# Feeling guilt after my cat died.



## weyoun782 (Mar 11, 2009)

I recently had to put my cat to sleep, he was 12 years old. he had a history of health problems, but the last month or so he had been peeing blood and it kept getting worse and worse, yet no medication had worked, and he was starting to not look like himself anymore, like he was suffering. he wouldn't eat much or drink much, and he was down to 5 pounds, when he should of weighed 12 pounds. so last thursday, thought I had to put him out of his misery and I took him to the vet and they said there was nothing they could do for him, there were no kidney stones or urinary tract infection to explain the bloodly urine. SO me and my family thought we should just put him to sleep, and we were all in the room petting and kissing him as they put him to sleep. I wept for a few days afterwards.

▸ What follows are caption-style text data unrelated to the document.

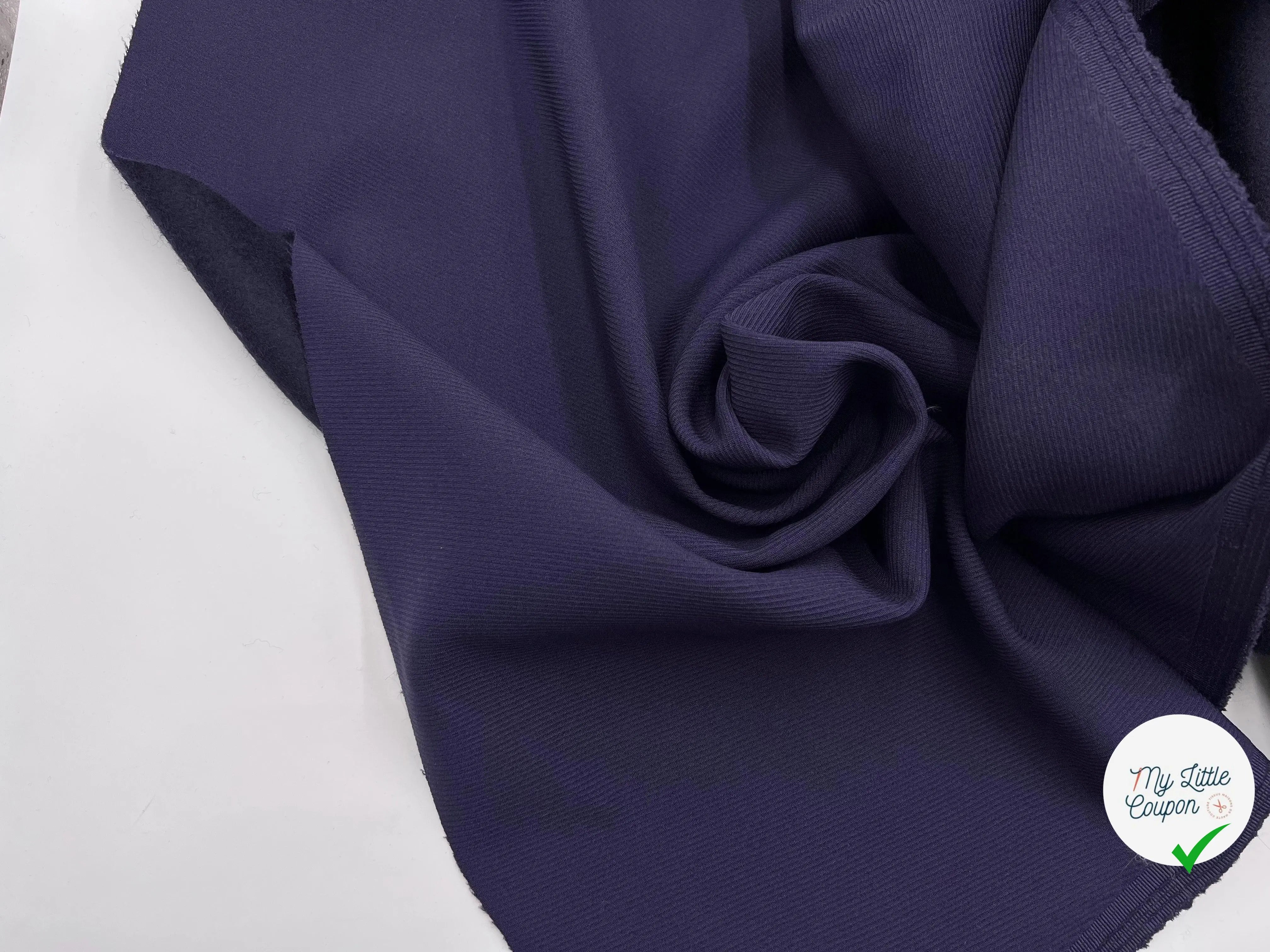 WHIPCORD PRESTIGE NAVY JAPON ENVERS GRATTÉ - My Little Coupon - tissu - coudre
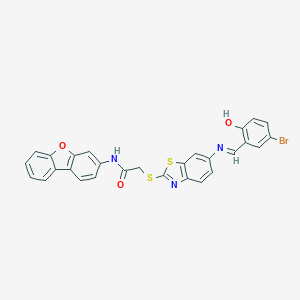 molecular formula C28H18BrN3O3S2 B392581 2-({6-[(5-bromo-2-hydroxybenzylidene)amino]-1,3-benzothiazol-2-yl}sulfanyl)-N-dibenzo[b,d]furan-3-ylacetamide 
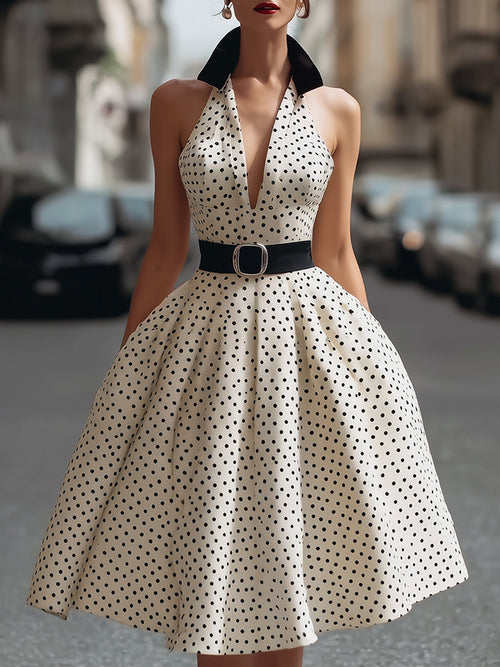 Vintage Polka Dot Halter A-Line Midi Dress With Contrast Collar HWT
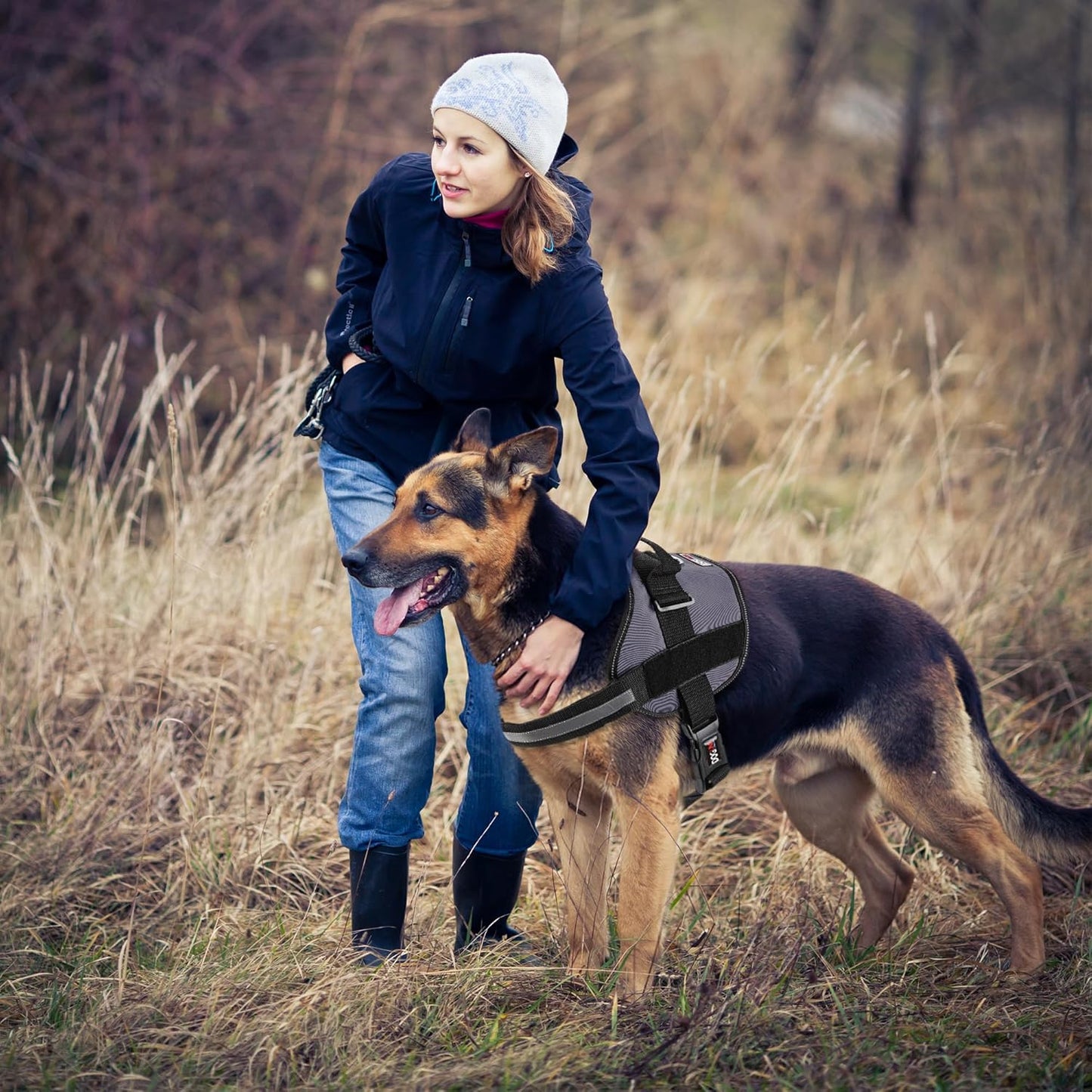 Dogline Dog Harness, Reflective No-Pull Adjustable Vest with Handle for Walking, Training, Service Breathable No - Choke Harness for Small, Medium or Large Dogs Room for Patches Grey XL 33"-46"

anyways I have been having intense feelings of guilt for putting him to sleep. Also for the first two year that I had him as a pet(he was more like a family member than a pet), I was in like 4th or 5th grade and I didn't exactly treat him all that well, but at some point around 6th grade and beyond up til now 23 years of age, I realized that I should treat with the utmost love and respect, I treated him very nicely and we became really close and in fact we were the closet in the family. But now I have also been having intense feelings of remorse for the first two years of how I treated him. 

By treating him bad I mean like making him do things that annoyed him or holding him when he didn't want to be holded.

But for ten years of his life he became like a son/brother/friend. I miss him so much, RIP Kitty Guy.


----------



## weyoun782 (Mar 11, 2009)

And I forgot to mention, that my cat taught me how animals should be treated, with much respect and love, cause every animal has feelings.


----------



## TsNewMom (Oct 2, 2008)

I'm so sorry for your loss  I have not had my cat very long and I already couldn't imagine life without her...
Your cat obviously forgave you.. I think you should concentrate on all the 'good' years you had as a caring friend than dwelling on the first years.. atback


----------



## Sparky (Apr 11, 2008)

I am sorry for your loss. 
It the hardest choice one has to make as a pet partner. My 14 y/o kitty had hyper thyroid and her kidneys shut down. I kept her home for a week to long. She was ready to go. I still had feelings of remorse and that maybe I'd done the wrong thing. Looking back it was the kindest thing I could have done for her. She was at peace and at rest. She is romping across the Rainbow Bridge now and having the time of her life. Dwell on the good times you had with your kitty and know she forgave you.


----------



## Mitts & Tess (Sep 4, 2004)

Sorry that you lost your best buddy. You did the humane thing for him. Letting a cat suffer to the end is not in the best interest of the cat. You provide love, approval and tranquility during this important time of transition to his next life. 

We all make mistakes with our cats as they journey with us. I declawed my cat in total ignorance. I still have trouble getting over the crewl act I did to him. But Ive resolved he will know my devotion, love, happiness, comfort his entire life to make it up to him. Im sure your cat felt that from you.


----------



## Heidi n Q (Nov 22, 2006)

Welcome, and I'm sorry it is under such sad circumstances...



weyoun782 said:


> And I forgot to mention, that my cat taught me how animals should be treated, with much respect and love, cause every animal has feelings.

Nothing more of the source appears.